'''
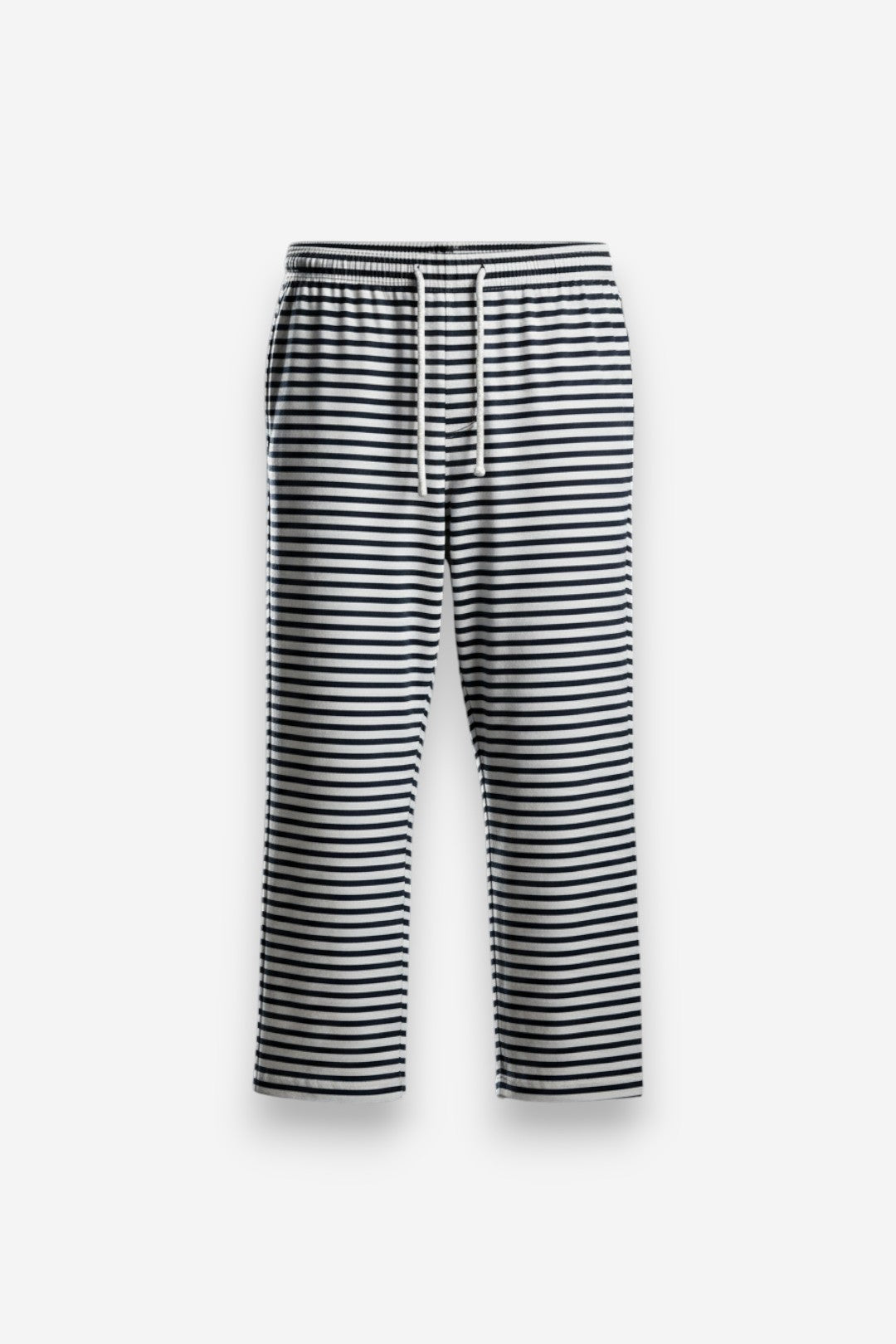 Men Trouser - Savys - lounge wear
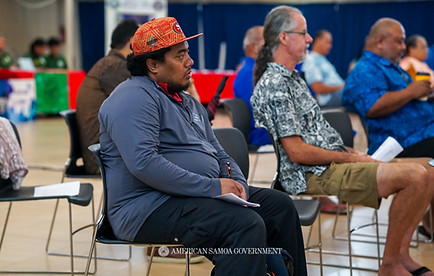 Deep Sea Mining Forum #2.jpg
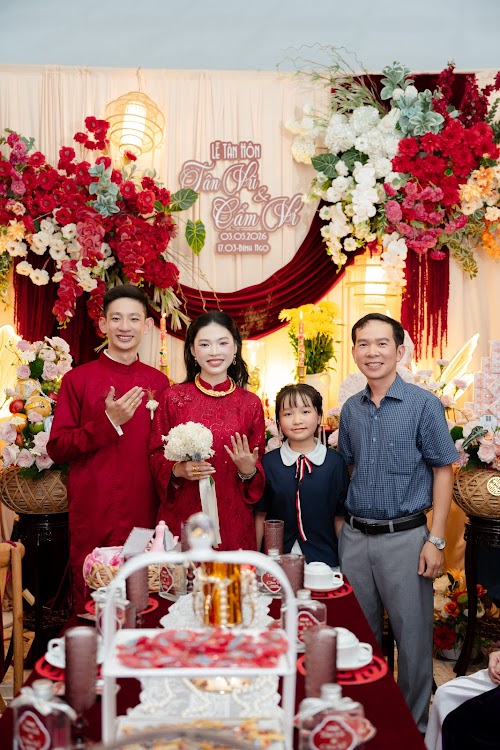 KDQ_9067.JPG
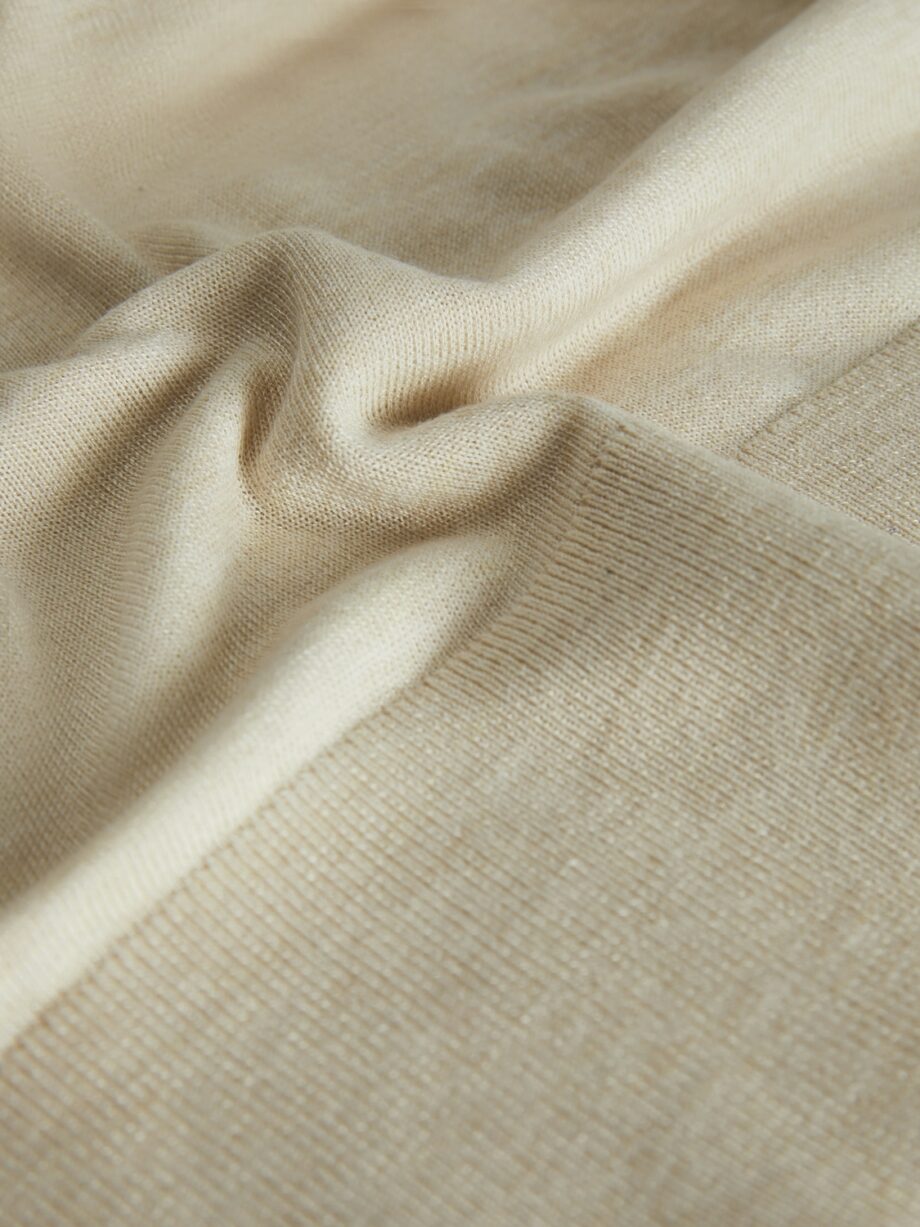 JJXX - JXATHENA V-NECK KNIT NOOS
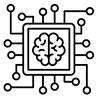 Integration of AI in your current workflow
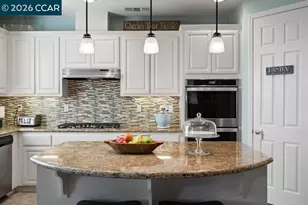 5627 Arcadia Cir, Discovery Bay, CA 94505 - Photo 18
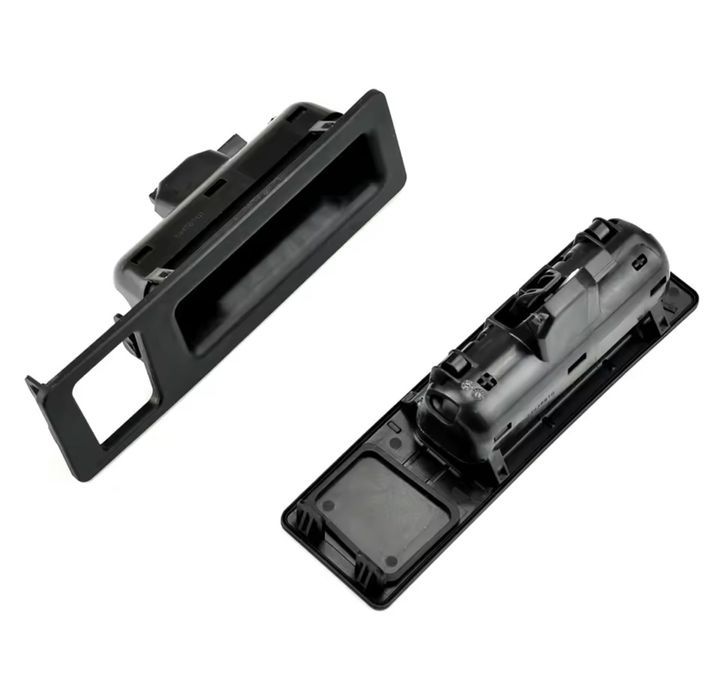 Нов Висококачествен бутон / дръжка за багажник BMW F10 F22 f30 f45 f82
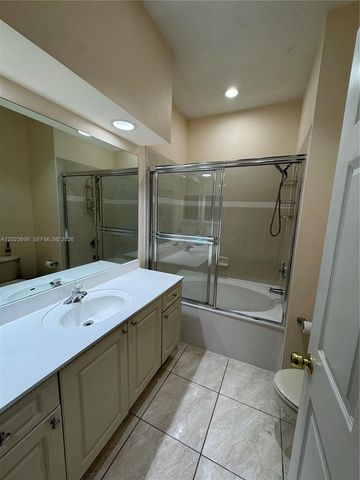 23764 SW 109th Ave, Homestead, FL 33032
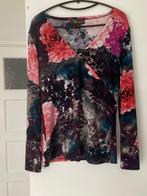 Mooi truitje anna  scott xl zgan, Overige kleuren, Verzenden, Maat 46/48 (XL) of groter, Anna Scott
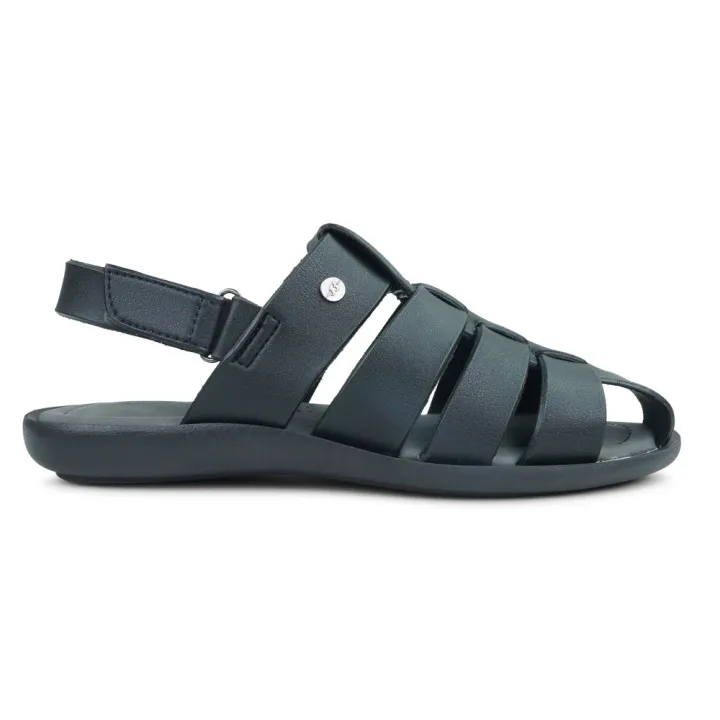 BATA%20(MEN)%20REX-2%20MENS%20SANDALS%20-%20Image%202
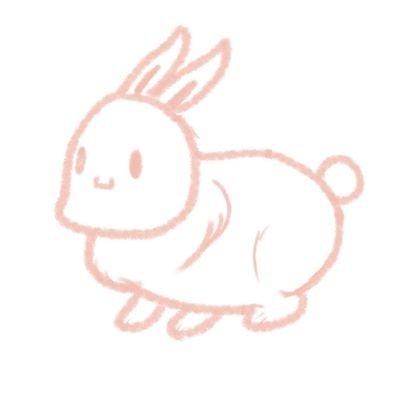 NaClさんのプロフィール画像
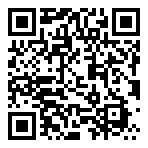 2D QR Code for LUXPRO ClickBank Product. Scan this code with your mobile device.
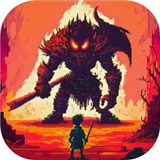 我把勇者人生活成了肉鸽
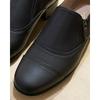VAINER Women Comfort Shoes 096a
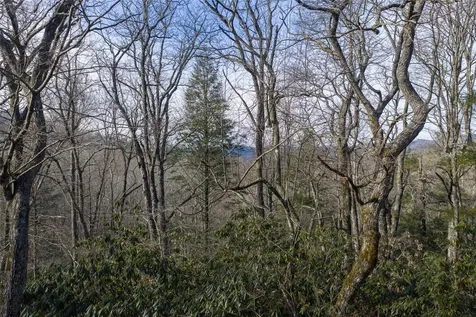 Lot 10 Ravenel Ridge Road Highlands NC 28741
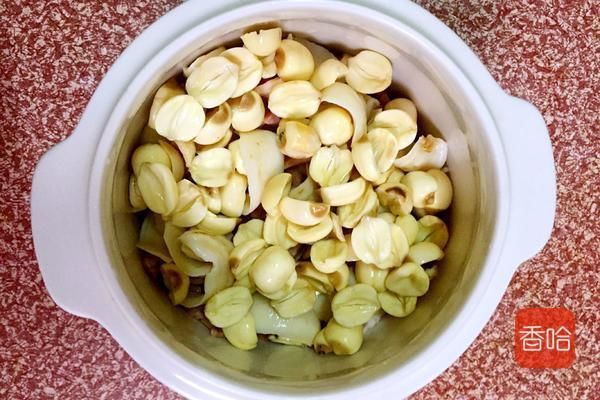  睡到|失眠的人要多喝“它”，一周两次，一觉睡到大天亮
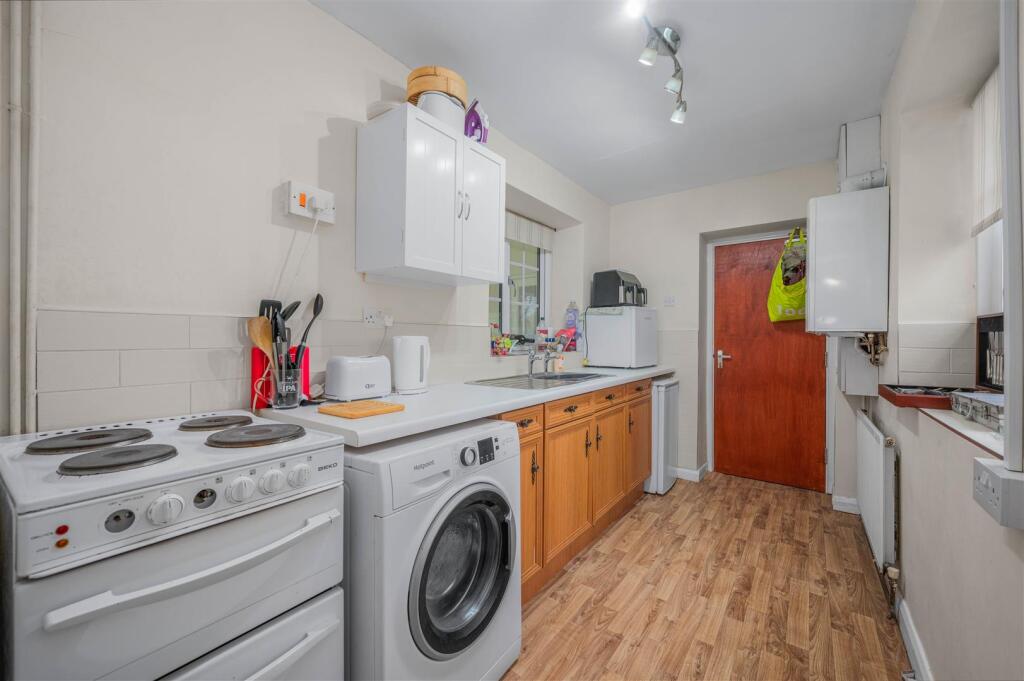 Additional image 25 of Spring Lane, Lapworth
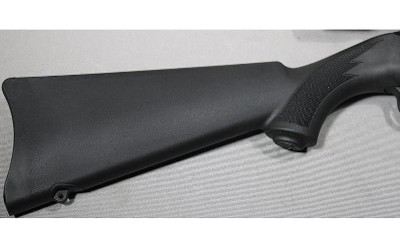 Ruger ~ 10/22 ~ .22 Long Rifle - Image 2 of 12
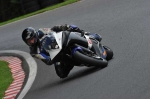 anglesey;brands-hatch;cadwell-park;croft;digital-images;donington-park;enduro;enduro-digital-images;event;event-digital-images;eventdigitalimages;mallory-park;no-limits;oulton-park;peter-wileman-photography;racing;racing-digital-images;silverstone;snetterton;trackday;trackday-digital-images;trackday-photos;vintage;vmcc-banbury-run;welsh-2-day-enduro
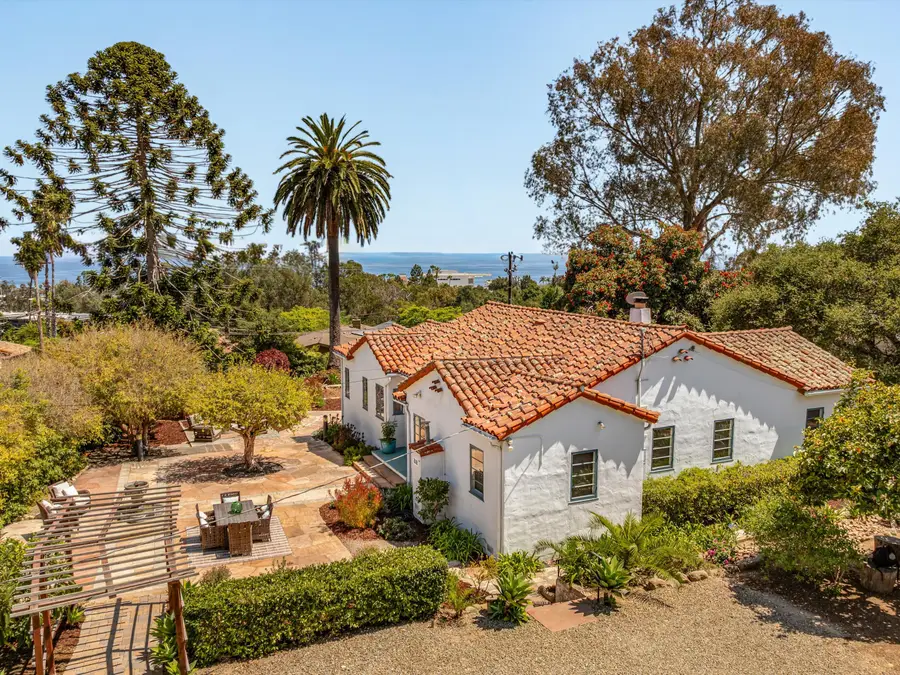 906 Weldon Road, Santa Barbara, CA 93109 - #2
'''
### WHAT IS EXPECTED:
Return all records verbatim and drop the pictures.

### WRITTEN REPLY:
 Men Trouser - Savys - lounge wear
 Deep Sea Mining Forum #2.jpg
 KDQ_9067.JPG
 JJXX - JXATHENA V-NECK KNIT NOOS
 Integration of AI in your current workflow
 5627 Arcadia Cir, Discovery Bay, CA 94505 - Photo 18
 Нов Висококачествен бутон / дръжка за багажник BMW F10 F22 f30 f45 f82
 23764 SW 109th Ave, Homestead, FL 33032
 Mooi truitje anna  scott xl zgan, Overige kleuren, Verzenden, Maat 46/48 (XL) of groter, Anna Scott
 BATA%20(MEN)%20REX-2%20MENS%20SANDALS%20-%20Image%202
 NaClさんのプロフィール画像
 2D QR Code for LUXPRO ClickBank Product. Scan this code with your mobile device.
 我把勇者人生活成了肉鸽
VAINER Women Comfort Shoes 096a
 Lot 10 Ravenel Ridge Road Highlands NC 28741
  睡到|失眠的人要多喝“它”，一周两次，一觉睡到大天亮
 Additional image 25 of Spring Lane, Lapworth
 Ruger ~ 10/22 ~ .22 Long Rifle - Image 2 of 12
 anglesey;brands-hatch;cadwell-park;croft;digital-images;donington-park;enduro;enduro-digital-images;event;event-digital-images;eventdigitalimages;mallory-park;no-limits;oulton-park;peter-wileman-photography;racing;racing-digital-images;silverstone;snetterton;trackday;trackday-digital-images;trackday-photos;vintage;vmcc-banbury-run;welsh-2-day-enduro
 906 Weldon Road, Santa Barbara, CA 93109 - #2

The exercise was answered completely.